היום שלשה ושלשים יום שהם ארבעה עבועות וחמשה לעמר
Today is thirty-three days, which is four weeks and five days, of the omer
A day of humility in a week of humility
For the past few years, I've been pondering the statement I hear often from friends, "I don't believe in organized religion." It's often said as part of a discussion as to why I have taken on a Jewish spiritual practice. Sometimes I respond in a joking manner, "Have you read nothing about the different factions within Judaism? There's nothing very organized about the religion :)"
But as I get deeper into my practice in this time and space, I understand that statement more and more as I affiliate with the "official" Jewish organizations less and less.
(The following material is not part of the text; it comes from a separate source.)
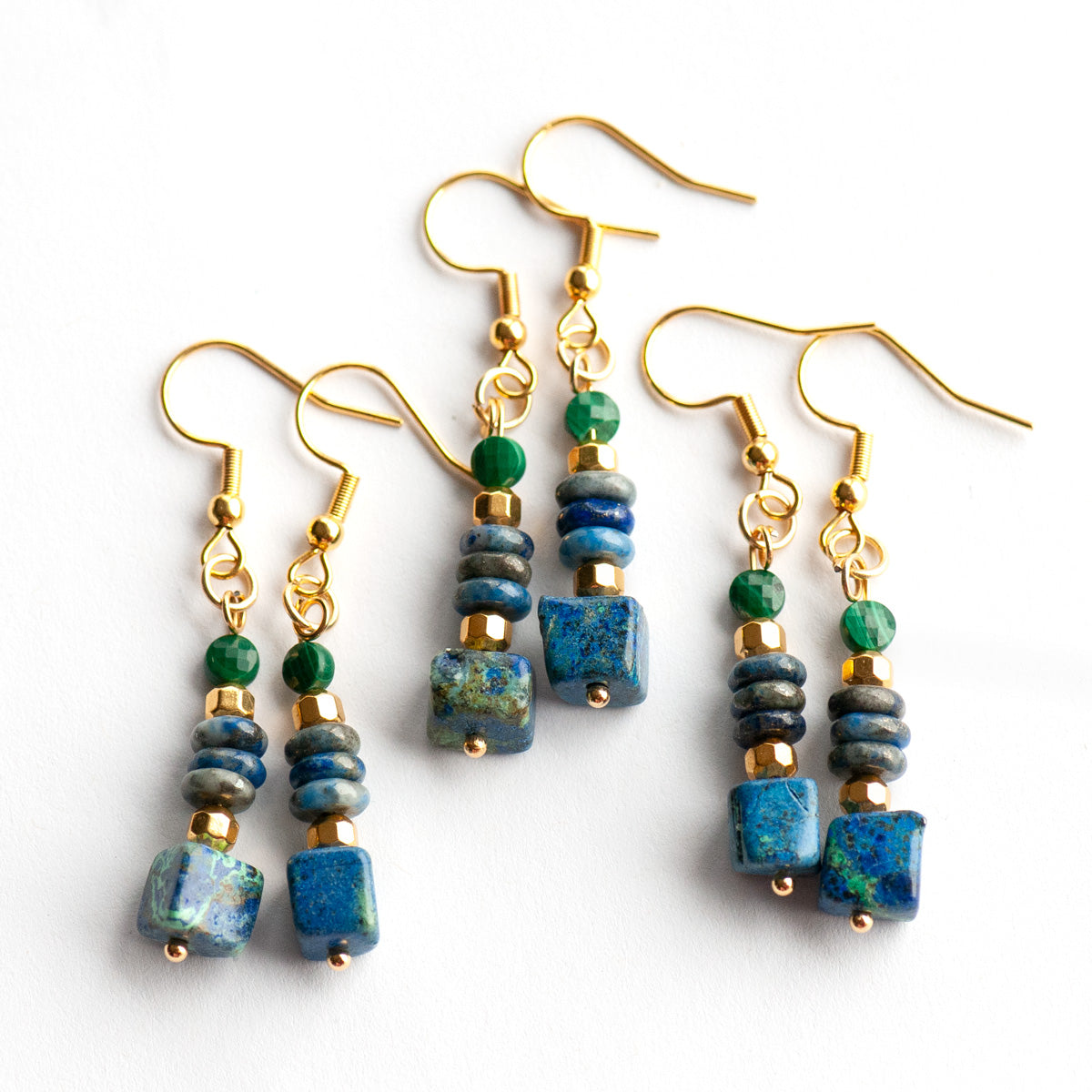 Elegant gemstone earrings featuring Azurite, Malachite, and Lapis with gold-plated accents. A mystical, lightweight design for everyday magic and style.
While I belong to a synagogue that is fiercely egalitarian, where women and men have equal footing in ritual practice, the movement it is affiliated, the Conservative Movement, won't take an unequivocal stand on that issue. At the synagogue that I grew up in, located on Long Island in New York, women still can't chant Torah, and if I were to attend their weekday minyan, I would not count as one of the ten needed to say kaddish. Yet they are also affiliated with the Conservative Movement, so my synagogue dues helps support them.
The Groucho Marx line keeps going through my head, "I don't want to belong to a club that would have me as a member." They want me as a member, but I don't fully belong. While some members would embrace me and my practice, others would block me from fulfilling roles important to that practice. And the big organization that is supposed to support me still, won't make a full commitment to egalitarian ritual practice in the name of not upsetting some of their members. I guess I don't matter too much to them, since upsetting me and others like me is okay.
Not a very uplifting message for the day, but one that I must continue to bring up and ponder--not just for myself, but for future generations of Jewish women.